I'm 6ft 2 200lbs my lifting stats are

Squat 130kg

Bench 76kg

Deadlift 100kg

Ohp 55kg

I find it hard to squat 3x per week with this weight.. Should I just keep at it? It says on strong lifts site t switch t madcow when you squatting 300lbd


----------



## B4PJS (Mar 28, 2013)

You should change over once you are repeatedly having to deload to progress. IIRC it was 3 deloads and then move on to the intermediate level.

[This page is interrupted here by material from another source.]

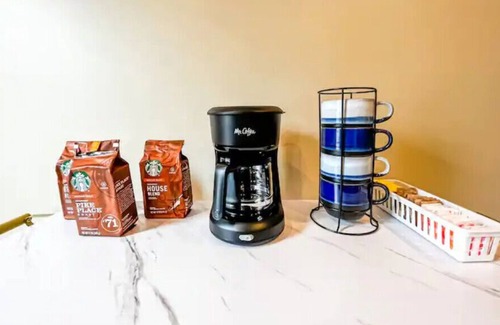 The Hill Apartamento | In unit washer & dryer Disney+, Netflix & Hulu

Have you thought of changing to a PPL routine rather than a full body 3x per week?


----------



## james_benjamin (Nov 13, 2012)

Yes I have, I keep changing my routine up which isn't good but I keep hitting plateaus so wanna get stronger asap


----------



## B4PJS (Mar 28, 2013)

What about Texas Method, Wendlers 531? Stronglifts is generally thought of as a beginner routine, MADCOW I haven't seen much on it so cannot comment on how effective it is compared to the other two. Even a PPL can be used with linear progression, just gives you more time to rest between exercises.


----------



## simonthepieman (Jun 11, 2012)

james_benjamin said:


> Yes I have, I keep changing my routine up which isn't good but I keep hitting plateaus so wanna get stronger asap


The time is now 

Enjoy


----------



## simonthepieman (Jun 11, 2012)

Best not to move on to 5/3/1 until you finish madcow


----------



## finest1 (Jan 2, 2012)

hate to say this, but did you start with an empty bar? after a year of SL i've now moved on to 3x3, one step away from the madcow or equivalent. i never went to 3x5 section until i hit 120kg. you need to read that 5x5 report. the answer is in there. i think you've peaked to early.


----------



## ATMeredith (May 21, 2013)

I did SL 5x5 for 10 months.

Started with just the bar and worked up the weight slowly, if you stall twice on a lift deload 10% and work your way up if you stall again on that lift deload and go to 3x5 and repeat then 3x3 then 1x5.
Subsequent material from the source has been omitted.